Bearish pressure on crude prices:

• The Iran nuclear negotiations are working towards sealing a deal and having sanctions removed so that they can sell their oil around the world. Negotiations appear to be making a breakthrough with a timeline of next week. President Biden may be giving away more concessions to Iran in order to have sanctioned Iranian oil available if Russia is precluded from sales to Europe and the US. If a deal is concluded in the next week or so and Iran receives sanction relief, Iran could increase production by 1.3-1.5Mb/d immediately. Iran also has over 100Mb in floating storage around the world near its buyers and another 100Mb ready to sell.
• The preliminary report of February OPEC production shows that they increased volumes by over 420Kb/d, exceeding their stated 400Kb/d goal and much above the January increase of a miniscule 64Kb/d. It appears that the invasion risk and the arm twist by President Biden has worked.
• The US and allies plan to release 60Mb of crude to meet short term needs from their strategic reserves. The US will supply 30Mb of the volumes to meet near term needs.

CONCLUSION:

The invasion of Ukraine has spiked up crude prices. In the end the higher energy prices will knock down demand and we are likely to see recessions around the world later this year. Russia will feel the most pain as it goes into a severe recession. If a worldwide recession unfolds then total demand could fall 3-5Mb/d and the price of crude will fall from its current war premium, elevated level. In 2008-2009 during the financial crisis demand fell by over 5Mb/d (from over 88Mb/d to 83Mb/d).

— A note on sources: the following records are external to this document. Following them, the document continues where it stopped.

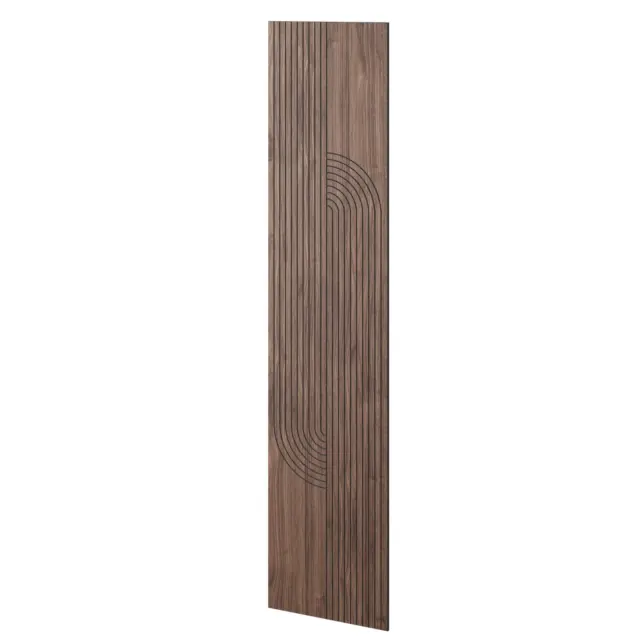 Panneau décoratif Osaka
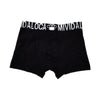 MVL Boxershorts - Black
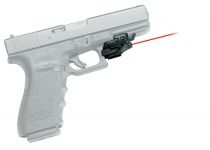 Crimson Trace Rail Master Laser Sight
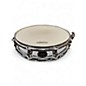 Used Mapex 14in mpx steel steel Drum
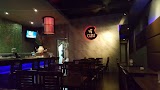 Ozu Japanese Cuisine & Lounge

Energy Stock Market: The stock markets around the world are gyrating with large daily price moves. When the focus was on the invasion and sanctions then the stock market had big down days (March 1st down 598 points for the Dow). Today the upside is 563 points as we write this, as the focus is on the Fed as Chairman Powell testifies before Congress. He has soothed fears of a rapid rise in interest rates. In his testimony he said he supports only a 25 basis point increase in rates. Today the S&P/TSX Energy Index is up two points to 214 as higher crude prices lift the sector. Security of supply is now an attractive focus of investors and Canada is a beneficiary as is US domestic companies.